The worst-case scenario in Loomis has come to pass, so it looks the courts will have to fix it.
On Nov. 2, voters approved Measure A, which will limit Town Council members to two consecutive four-year terms. But it was written in a way that it would make ineligible for re-election anyone who had already served two or more consecutive terms as of Aug. 1.
Final election results this week confirmed that Walt Scherer and Miguel Ucovich - each seeking their fourth term in a row - also won on Nov. 2, even though they both opposed Measure A. The final returns showed that Ucovich finished third in the race for three seats by only three votes, when it looked like he would finish out of the running.
So barring some court action, the two incumbents could immediately have to give up their seats if they are sworn in Dec. 14. That was a primary reason why The Bee's editorial board opposed the initiative, along with the belief that the will of voters is the ultimate term limit. Supporters, however, said term limits would increase voter clout and would "invigorate" the town.
The Loomis Town Council voted Nov. 9 to ask the courts to resolve the issue.

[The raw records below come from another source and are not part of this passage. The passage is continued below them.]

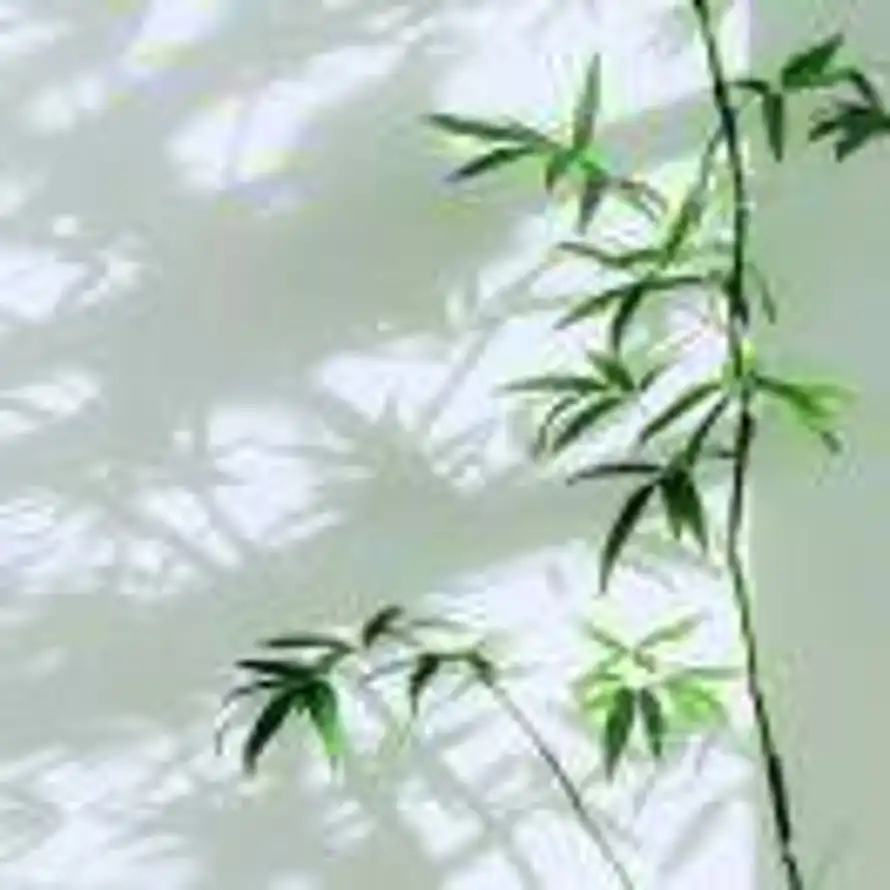 阿水的头像
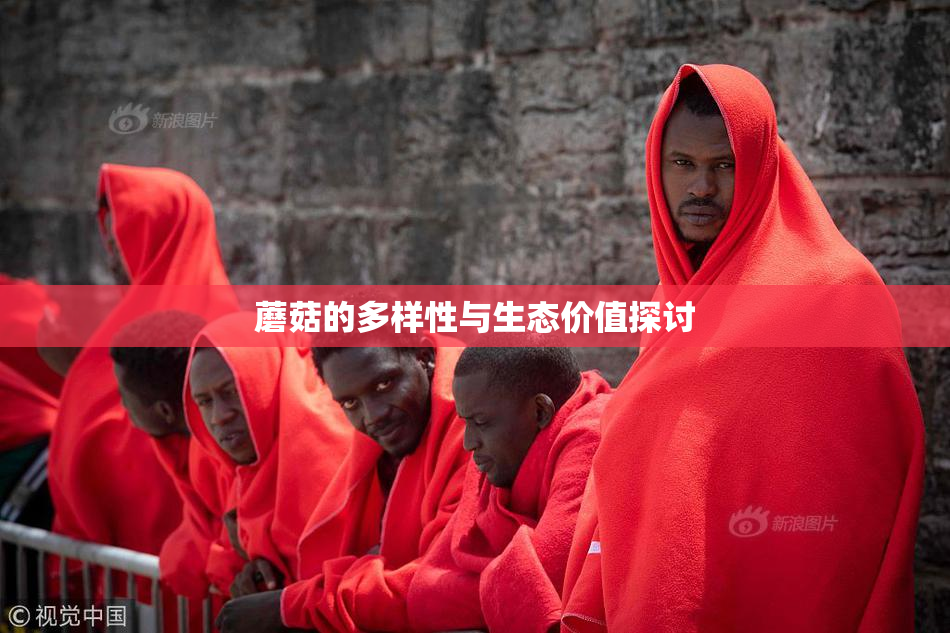 蘑菇的多样性与生态价值探讨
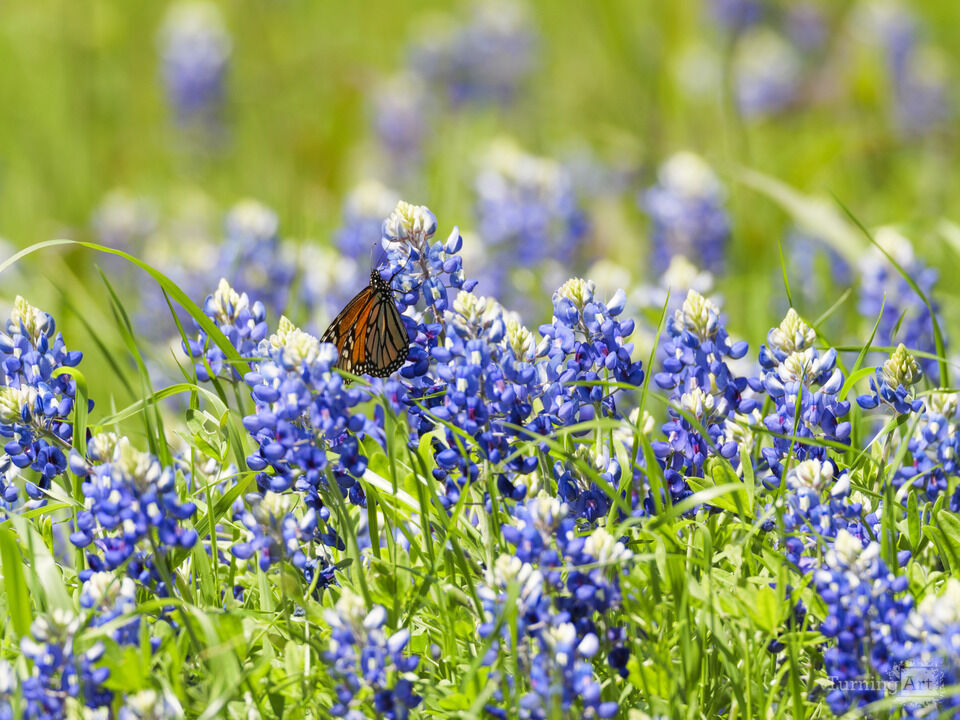 Monarch in Bluebonnet Field - Texas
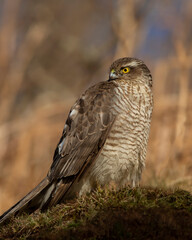 SPARROW HAWK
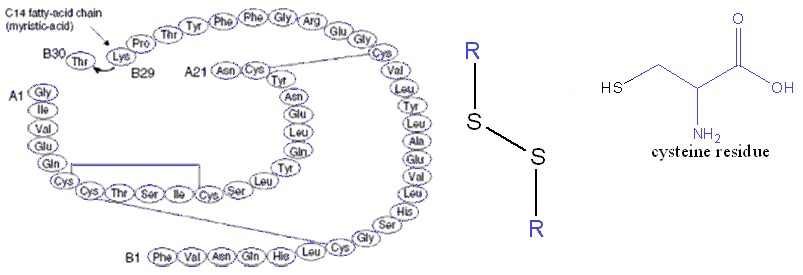 Structure of insulin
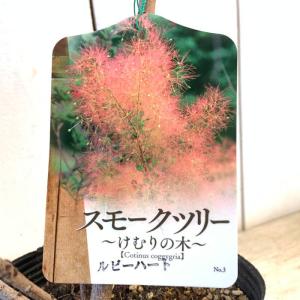 スモークツリー 苗木 ピンクエンジェル 13.5cmポット苗 3年生苗 苗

Town Attorney David Larsen, who had warned that such retroactive term limits are unconstitutional, is working on a motion for a preliminary injunction to allow Scherer and Ucovich to take their seats until the courts fix the mess. He said today that he plans to file the motion the week after next in Placer County Superior Court.
Measure A opponents, meanwhile, are saying that the election results "make it more obvious than ever that town government had absolutely no legal choice but to seek clarification from the courts."
In their statement today, the opponents' committee also called for healing the divisions caused by the measure: "The other side's ballot measure won, and our candidates won, so both sides have a lot to celebrate."